I have found over many years of trading that it is so much more difficult to make money shorting stocks than going long. With the exception of the Dot.com bubble between 2000-2002 and the bear market of 2008-2009 during the Great Recession we've been in a bull market for a long time and trying to short stocks in a bull market is like pulling teeth. However, just like it makes sense to seek out companies that beat earnings expectations as long candidates, you might want to consider seeking out companies that miss earnings expectations as potential short candidates.
To set the stage, at EarningsBeats we not only track companies that beat earnings expectations; we also track those companies that miss their numbers. And these are stocks that could become short candidates on any rebound after any initial pullback.
As an example, Jack in the BOX (JACK) recently reported their earnings and missed on both the eps and revenue sides. Accordingly the stock sold off sharply then rebounded some to a level that resulted in a short trade alert to our members.
As you can see in the above chart, once the stock bottomed on May 14 it went into consolidation mode before bouncing and testing its 50 day moving average unsuccessfully for 3 days in a row. So we issued a short trade alert with an entry price of $85.50 with a price target to the downside of $80.50 and a stop (cover) of any Intra Day move above the 50 day, at the time in the range of $86.15. This resulted in an 8 to 1 reward to risk opportunity. So if the trade works the way we think it can it would be a gain of close to 6% while if it goes against us the loss would just be 0.7%. I like those odds.
Another way to think of this is just like traders flock to those stocks that beat earnings estimates they tend to steer clear from those that come up short. But it takes patience to let a stock come off a bottom to a key price or technical level before putting on a short. If you would like to see a sample of our Earnings Misses Chart List just click here.
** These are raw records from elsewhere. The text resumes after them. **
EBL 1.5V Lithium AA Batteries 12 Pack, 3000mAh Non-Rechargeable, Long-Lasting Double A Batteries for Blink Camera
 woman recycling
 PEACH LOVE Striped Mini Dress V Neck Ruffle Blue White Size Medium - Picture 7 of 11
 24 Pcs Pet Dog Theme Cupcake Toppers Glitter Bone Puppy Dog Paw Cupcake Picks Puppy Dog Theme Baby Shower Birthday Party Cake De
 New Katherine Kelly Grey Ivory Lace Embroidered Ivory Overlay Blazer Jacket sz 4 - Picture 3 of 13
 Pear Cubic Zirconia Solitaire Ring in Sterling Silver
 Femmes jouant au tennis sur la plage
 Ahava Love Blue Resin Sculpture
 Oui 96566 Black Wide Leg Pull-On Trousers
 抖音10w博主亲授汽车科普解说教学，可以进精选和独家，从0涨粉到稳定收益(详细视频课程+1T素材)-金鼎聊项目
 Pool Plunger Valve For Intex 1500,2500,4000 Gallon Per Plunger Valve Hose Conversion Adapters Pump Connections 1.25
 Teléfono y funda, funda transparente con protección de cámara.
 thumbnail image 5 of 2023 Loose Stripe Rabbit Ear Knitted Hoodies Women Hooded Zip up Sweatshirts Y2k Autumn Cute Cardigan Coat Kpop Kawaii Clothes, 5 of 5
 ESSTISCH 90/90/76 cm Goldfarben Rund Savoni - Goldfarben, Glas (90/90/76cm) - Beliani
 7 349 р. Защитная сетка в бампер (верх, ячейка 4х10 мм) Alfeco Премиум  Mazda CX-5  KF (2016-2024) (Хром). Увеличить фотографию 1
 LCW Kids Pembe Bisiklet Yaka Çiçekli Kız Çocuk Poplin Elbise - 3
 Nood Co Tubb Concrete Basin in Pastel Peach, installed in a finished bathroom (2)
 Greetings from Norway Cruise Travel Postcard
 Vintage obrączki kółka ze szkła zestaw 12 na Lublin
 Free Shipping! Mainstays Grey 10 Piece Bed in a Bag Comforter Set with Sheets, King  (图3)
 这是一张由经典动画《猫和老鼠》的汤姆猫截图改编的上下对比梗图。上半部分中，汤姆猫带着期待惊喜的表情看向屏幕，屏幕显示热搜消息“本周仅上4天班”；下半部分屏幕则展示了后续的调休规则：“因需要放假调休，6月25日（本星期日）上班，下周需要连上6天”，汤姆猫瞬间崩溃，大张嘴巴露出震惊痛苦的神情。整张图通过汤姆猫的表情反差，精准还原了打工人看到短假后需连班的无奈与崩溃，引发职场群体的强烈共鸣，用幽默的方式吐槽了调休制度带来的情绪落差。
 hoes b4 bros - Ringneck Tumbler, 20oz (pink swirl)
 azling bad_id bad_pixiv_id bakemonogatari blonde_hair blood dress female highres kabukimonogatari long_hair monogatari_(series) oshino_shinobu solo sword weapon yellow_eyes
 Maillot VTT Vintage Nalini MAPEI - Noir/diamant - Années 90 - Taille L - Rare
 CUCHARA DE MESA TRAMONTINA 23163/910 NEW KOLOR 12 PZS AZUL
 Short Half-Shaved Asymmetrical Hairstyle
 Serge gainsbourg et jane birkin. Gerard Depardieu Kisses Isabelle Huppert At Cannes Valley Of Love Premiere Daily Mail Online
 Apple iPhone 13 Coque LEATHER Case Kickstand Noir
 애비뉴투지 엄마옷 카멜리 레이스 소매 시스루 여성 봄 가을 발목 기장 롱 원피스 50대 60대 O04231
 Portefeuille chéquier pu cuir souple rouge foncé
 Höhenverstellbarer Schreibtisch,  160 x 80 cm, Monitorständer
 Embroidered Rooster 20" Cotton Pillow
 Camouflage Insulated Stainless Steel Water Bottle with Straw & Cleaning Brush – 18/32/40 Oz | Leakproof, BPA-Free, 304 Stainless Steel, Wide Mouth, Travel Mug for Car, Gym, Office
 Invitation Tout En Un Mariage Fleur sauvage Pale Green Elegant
It's still tough to succeed in shorting in a bull market but your odds might increase if you seek out companies that miss their numbers rather than trying to short companies that beat expectations and rise because you never know how high a stock might climb if it builds momentum before it runs out of steam. And as usual if you maintain tight stops in case a trade fails you will preserve your precious capital for the next high reward to risk opportunity that comes your way.